→ Instructions to follow: Give back every line of the material below exactly, but no images.

→ Data:
»»
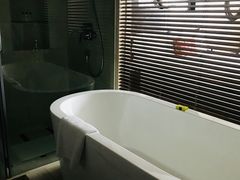 -青岛海尔洲际酒店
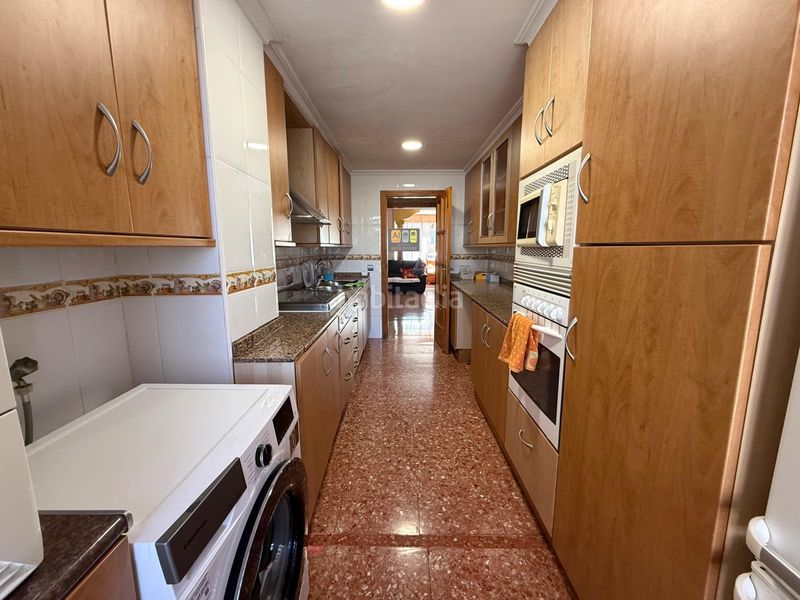 Foto a8760a9c-9a42-47b9-aa2b-e8d50223de68. Apartament amb aparcament piscina a Juzgados - Plaza de Toros Benidorm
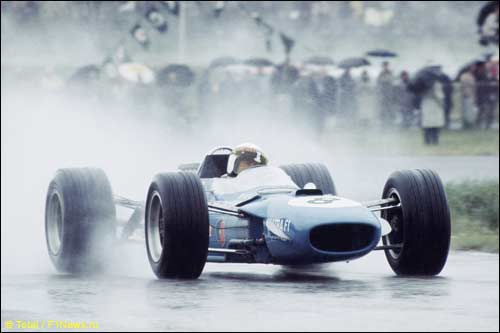 На дождливом Гран При Голландии 1968 года Джеки Стюарт принёс Matra дебютную победы в Ф1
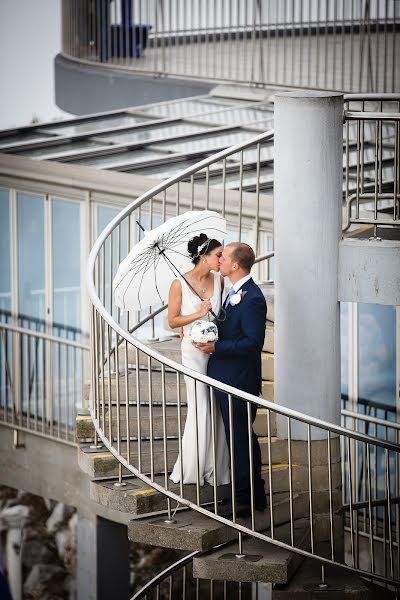 Fotógrafo de bodas Gary Tapp (garytappgib). Foto del 11 de abril 2018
««
→ Solved problem:
 -青岛海尔洲际酒店
 Foto a8760a9c-9a42-47b9-aa2b-e8d50223de68. Apartament amb aparcament piscina a Juzgados - Plaza de Toros Benidorm
 На дождливом Гран При Голландии 1968 года Джеки Стюарт принёс Matra дебютную победы в Ф1
 Fotógrafo de bodas Gary Tapp (garytappgib). Foto del 11 de abril 2018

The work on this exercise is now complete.